I’m using this example, and my implementation is like :

class InputEmbeddingAndPositionalEncodingLayer(nn.Module):

    def __init__(self, vocab_size, max_len, d_model, dropout):
        super(InputEmbeddingAndPositionalEncodingLayer, self).__init__()
        self.vocab_size = vocab_size
        self.max_len = max_len
        self.d_model = d_model
        self.dropout = nn.Dropout(p=dropout)
        self.token_embedding = nn.Embedding(vocab_size, d_model)
        self.position_encoding = PositionalEncodingLayer(d_model=d_model, max_len=max_len)

    def forward(self, sequences):
        """
        :param Tensor[batch_size, seq_len] sequences
        :return Tensor[batch_size, seq_len, d_model]
        """
        token_embedded = self.token_embedding(sequences) # [batch_size, seq_len, d_model]
        position_encoded = self.position_encoding(sequences) # [batch_size, seq_len, d_model]
        return self.dropout(token_embedded) + position_encoded # [batch_size, seq_len, d_model]

shared_embeddings = InputEmbeddingAndPositionalEncodingLayer(
    vocab_size=len(TRG.vocab),
    max_len=MAX_LEN,
    d_model=D_MODEL,
    dropout=DROPOUT
)
transformer = Transformer(
    encoder=EncoderLayer(
        in_emb_pos_enc_layer=shared_embeddings,
        d_model=D_MODEL,
        n_heads=N_HEADS,
        hidden_size=HIDDEN_SIZE,
        dropout=DROPOUT,
        n_layers=N_LAYERS
    ),
    decoder=DecoderLayer(
        in_emb_pos_enc_layer=shared_embeddings,
        vocab_size=len(TRG.vocab),
        d_model=D_MODEL,
        n_heads=N_HEADS,
        hidden_size=HIDDEN_SIZE,
        dropout=DROPOUT,
        n_layers=N_LAYERS
    ),
    src_pad_index=TRG.vocab.stoi[TRG.pad_token],
    dest_pad_index=TRG.vocab.stoi[TRG.pad_token]
).to(DEVICE)

The result still not good as same as the implementation without shared embedding, could you give me an example?

One more thing, I used shared vocabulary size so no worries about the ‘train.csv’ and ‘valid.csv’ changes.

The code you’ve sent looks fine to me.

The result still not good as same as the implementation without shared embedding, could you give me an example?

You’ve got better results on your GEC task with the same implementation but seperate embeddings? :thinking:

Yes sir, as bellow example:

SRC = Field(tokenize= tokenizer, init_token=’’, eos_token=’’, batch_first=True)
TRG = Field(tokenize= tokenizer, init_token=’’, eos_token=’’, batch_first=True)

But all the papers in GEC mentioned that Shared embedding is the only difference between GEC and NMT, which is the source and target are in the same language.
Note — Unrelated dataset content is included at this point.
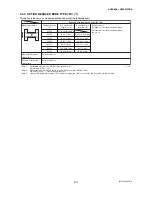 Preview for 90 page of YOKOGAWA DY015 User Manual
So, I thought there is an issue with my implementation.

Well, the thing that comes up in my mind first is that your using the same identical layer twice. Therefore there might be problems with the gradients as they are accumulated I assume.

Correct, could you help ?

If this really causes the problem, my first approach would be to try modifying the respective gradients ‘manually’ (i.e. the embedding gradients taking mean of both gradient by hooking the grad and sub the embedding weights ‘manually’).